Il me présenta son dos.

— Vous voyez ? Il n’y a pas de dessin net sur mon omoplate droite, c’est tout brouillé.

— En effet !

— Quand j’ai été assez longtemps avec quelqu’un, cet endroit se couvre d’ombres, puis cela se dessine. Si je suis avec une femme, son image apparaît là, sur mon dos, au bout d’une heure, et elle y voit toute sa vie : comment elle va vivre, comment elle mourra, quel sera son visage à soixante ans. Et si c’est un homme, au bout d’une heure, son image est sur mon dos. Il se voit tombant d’une falaise, ou écrasé par un train. Alors, je suis de nouveau renvoyé.

Pendant tout le temps qu’il avait parlé, ses mains s’étaient promenées sur les Illustrations, comme pour en ajuster les cadres, les épousseter ; gestes de connaisseur, d’amateur d’art. Il était maintenant étendu de tout son long, au clair de lune. La nuit était chaude. Étouffante, même, sans un souffle. Nous avions tous les deux enlevé nos chemises.

— Et vous n’avez jamais retrouvé la vieille femme ?

— Jamais.

— Et vous croyez qu’elle est venue de l’avenir ?

— Autrement, comment aurait-elle pu connaître les histoires qu’elle a peintes sur moi ?

Fatigué, il ferma les yeux. Sa voix devint moins distincte.

— Quelquefois, la nuit, je les sens comme des fourmis qui grouillent sur ma peau. Alors je sais qu’elles font ce qu’elles doivent faire. Je ne les regarde jamais plus. J’essaie simplement d’avoir un peu de repos. Je ne dors pas beaucoup. Vous non plus, ne les regardez pas. Je vous ai prévenu. Tournez-vous de l’autre côté pour dormir.

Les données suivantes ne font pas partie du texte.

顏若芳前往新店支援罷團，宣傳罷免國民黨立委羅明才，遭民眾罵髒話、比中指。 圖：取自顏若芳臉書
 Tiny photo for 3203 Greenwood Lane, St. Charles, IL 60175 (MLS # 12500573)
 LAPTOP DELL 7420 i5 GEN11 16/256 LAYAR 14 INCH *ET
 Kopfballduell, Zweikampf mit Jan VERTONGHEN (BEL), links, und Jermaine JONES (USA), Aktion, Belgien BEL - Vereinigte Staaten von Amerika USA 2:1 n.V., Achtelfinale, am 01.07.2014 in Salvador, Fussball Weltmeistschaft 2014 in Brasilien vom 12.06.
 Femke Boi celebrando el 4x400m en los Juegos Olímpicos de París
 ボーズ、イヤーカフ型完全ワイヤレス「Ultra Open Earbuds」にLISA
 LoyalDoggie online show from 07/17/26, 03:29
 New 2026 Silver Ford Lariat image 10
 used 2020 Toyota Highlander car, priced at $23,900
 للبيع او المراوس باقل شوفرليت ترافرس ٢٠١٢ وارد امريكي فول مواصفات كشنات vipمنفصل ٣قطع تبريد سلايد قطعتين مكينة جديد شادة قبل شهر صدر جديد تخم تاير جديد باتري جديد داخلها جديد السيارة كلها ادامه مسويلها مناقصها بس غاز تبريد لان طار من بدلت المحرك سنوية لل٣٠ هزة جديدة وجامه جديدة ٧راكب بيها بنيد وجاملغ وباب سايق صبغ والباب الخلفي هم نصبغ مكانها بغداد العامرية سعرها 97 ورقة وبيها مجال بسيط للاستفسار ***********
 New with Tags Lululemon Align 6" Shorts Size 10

Je m’étendis à quelque distance. L’homme ne paraissait pas capable de violence, et les images étaient très belles. Sinon, j’aurais été tenté de m’en aller et de laisser là ce bavardage. Mais les Illustrations… Mes yeux s’en emplissaient. N’importe qui serait devenu un peu fou, d’avoir cela sur le corps.

La nuit était tranquille. J’entendais la respiration de l’Homme Illustré sous la lune. Des criquets chantaient doucement au loin, dans des ravins. J’étais étendu sur le côté, pour suivre les images. Une demi-heure s’écoula, peut-être. Je n’aurais pu dire si l’homme dormait, mais soudain j’entendis son murmure : « Elles bougent, n’est-ce pas ? »

J’attendis une minute.

Puis je dis : « Oui. »

Les images bougeaient, chacune à son tour, pendant une ou deux minutes. Là, sous la lune, avec ces menues pensées qui tintaient et ces voix éloignées comme celles de la mer, j’assistais à chaque petit drame. Une heure, ou trois heures, jusqu’au dénouement ? Je n’aurais pu le dire. Mais je sais que je restais là, fasciné, sans bouger, tandis que les étoiles tournaient dans le ciel.

Dix-huit illustrations, dix-huit histoires. Je les comptais une à une.

D’abord, mes yeux se fixèrent sur une scène, une grande maison avec deux personnes dedans. Je vis une volée de vautours dans un ciel torride, des lions fauves. Et j’entendis des voix.

La première image frémit et s’anima.